SUPPLIED INFORMATION START
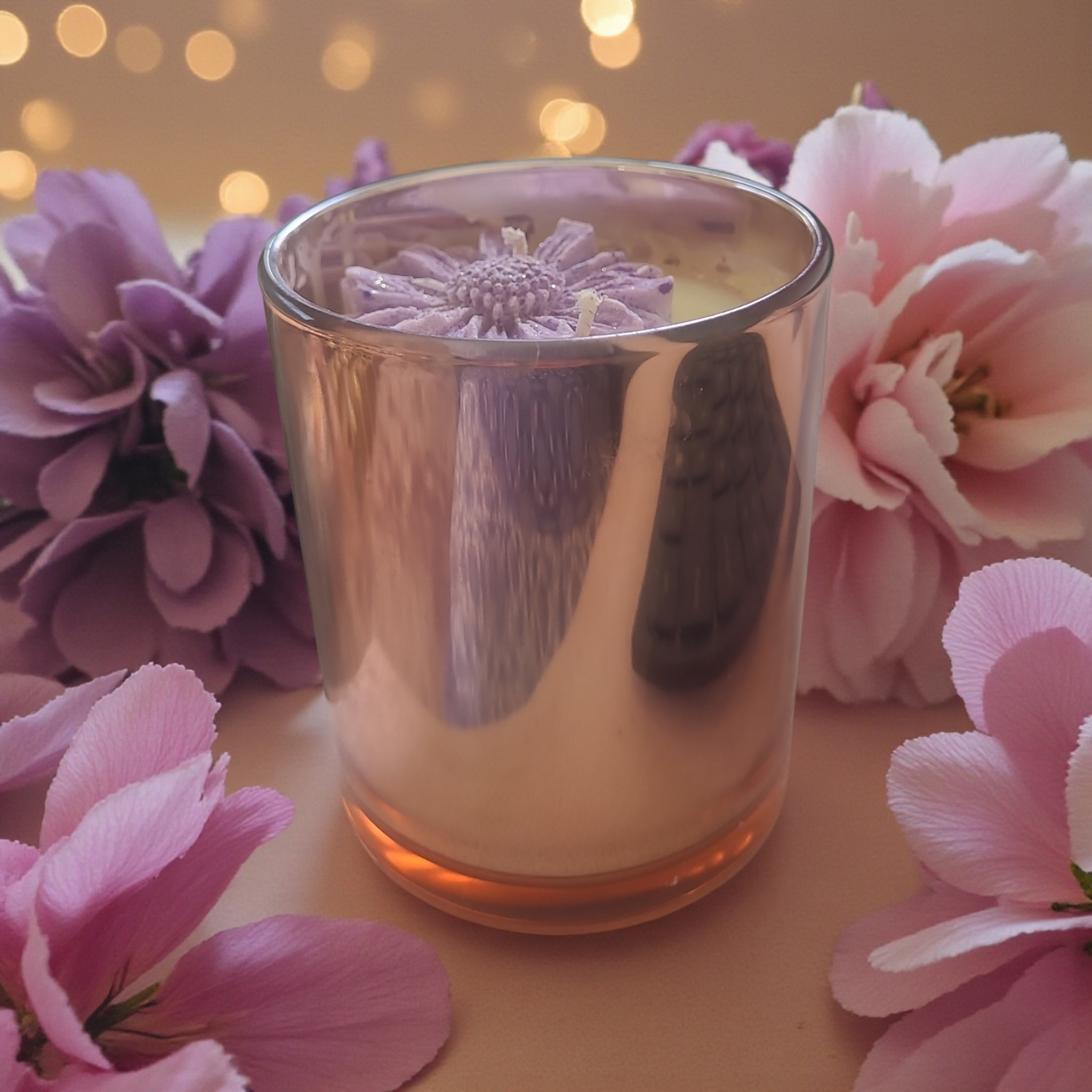 Scented Soy Daisy Candle 300 Grams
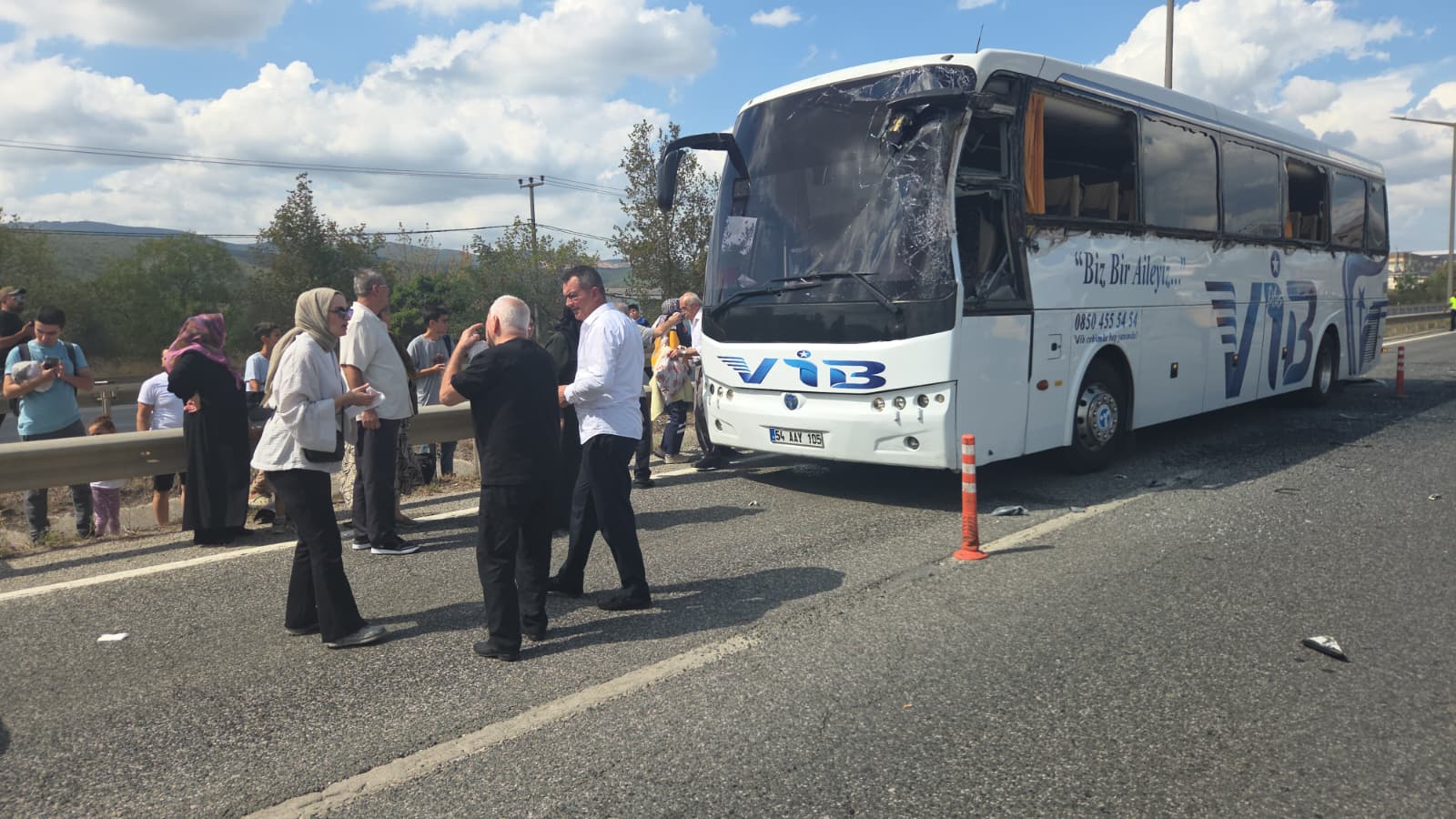 Yolcu Otobüsü Tir’a Çarptı! 3 Yaralı 2
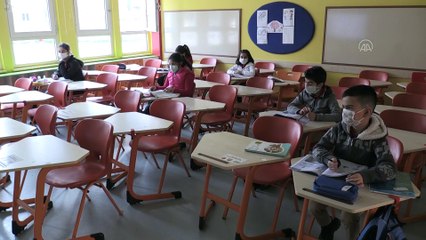 MERSİN - Kontrollü normalleşme süreciyle okullarda yüz yüze eğitim başladı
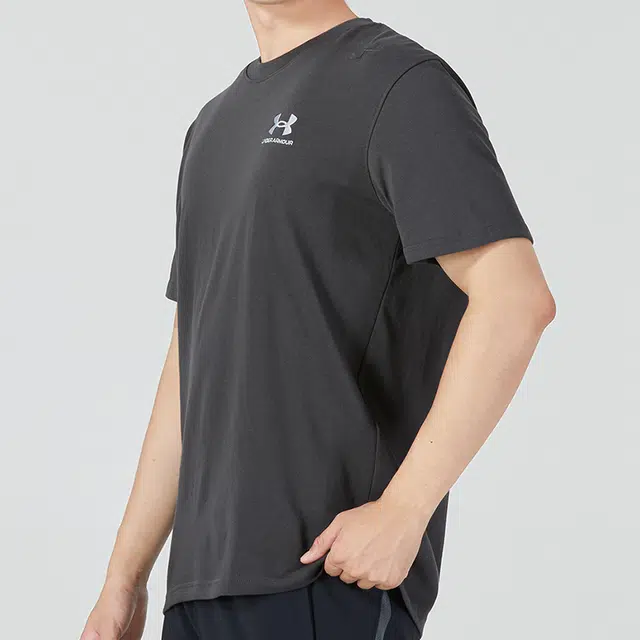 Under Armour logo T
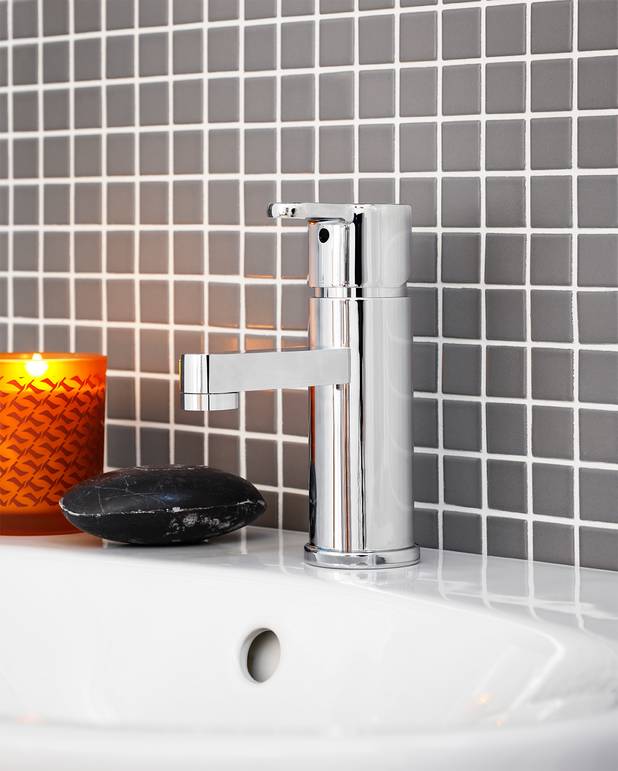 Bathroom sink faucet Nordic³ - Scandinavian design by Jon Eliason
Directional aerator, fits all sinks
Adjustable comfort flow (water-saver)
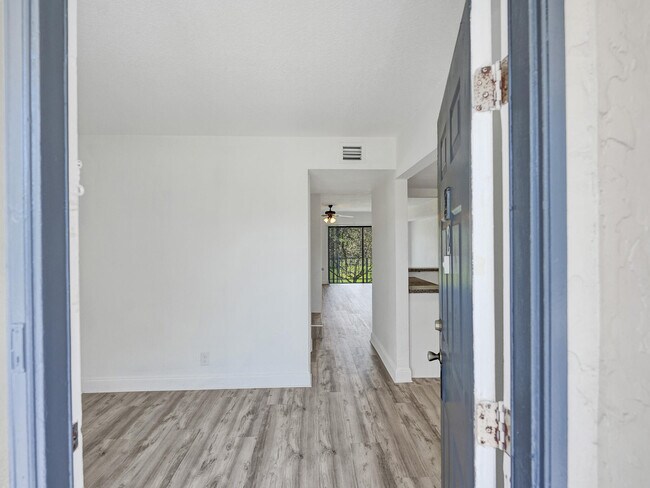 Building Photo - 3760 NW 115th Way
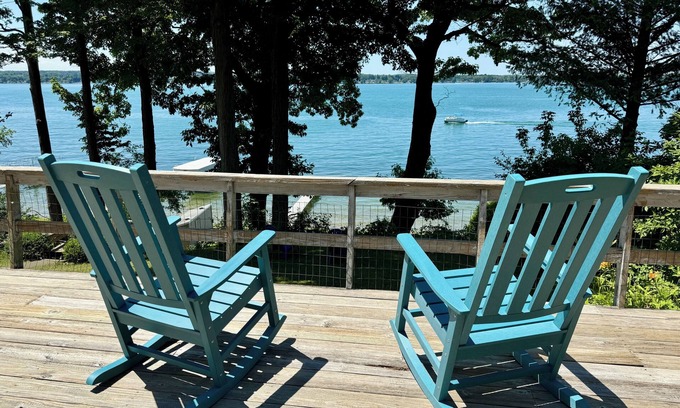 Town of Owasco Cottage | Seven Oaks — Lakefront Cottage on Owasco Lake — Large Beach with Stunning Views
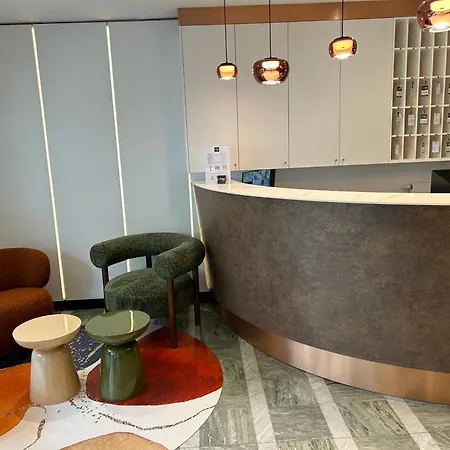 Cit'hotel L'etape Сен-Флур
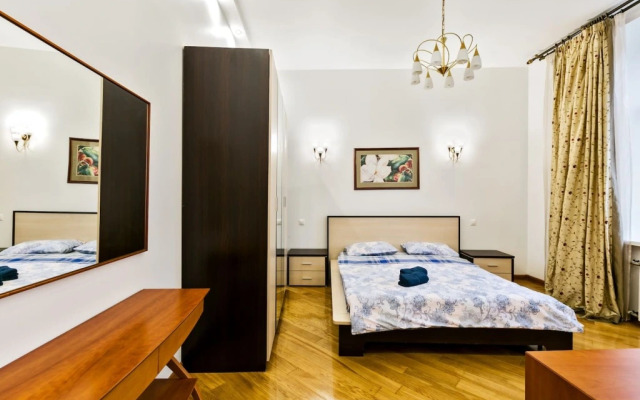 Arbatskiy Hotel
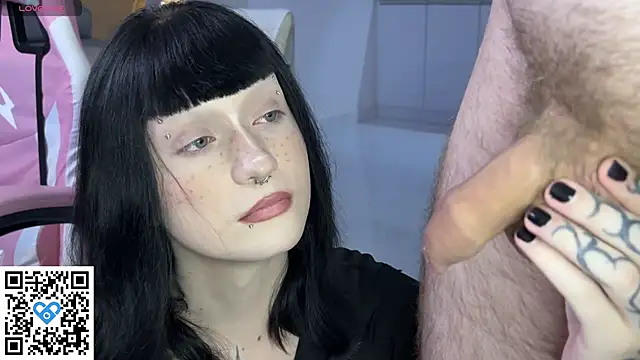 Snapshot of Vailyreb_ chatting on 02-13-26, 06:31 Vailyreb online show from 02-13-26, 06:31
SUPPLIED INFORMATION END
**REQUIRED WORK**
Exclude all images and retype the data precisely.

**RESPONSE AREA**
 Scented Soy Daisy Candle 300 Grams
 Yolcu Otobüsü Tir’a Çarptı! 3 Yaralı 2
 MERSİN - Kontrollü normalleşme süreciyle okullarda yüz yüze eğitim başladı
 Under Armour logo T
 Bathroom sink faucet Nordic³ - Scandinavian design by Jon Eliason
Directional aerator, fits all sinks
Adjustable comfort flow (water-saver)
 Building Photo - 3760 NW 115th Way
 Town of Owasco Cottage | Seven Oaks — Lakefront Cottage on Owasco Lake — Large Beach with Stunning Views
 Cit'hotel L'etape Сен-Флур
 Arbatskiy Hotel
 Snapshot of Vailyreb_ chatting on 02-13-26, 06:31 Vailyreb online show from 02-13-26, 06:31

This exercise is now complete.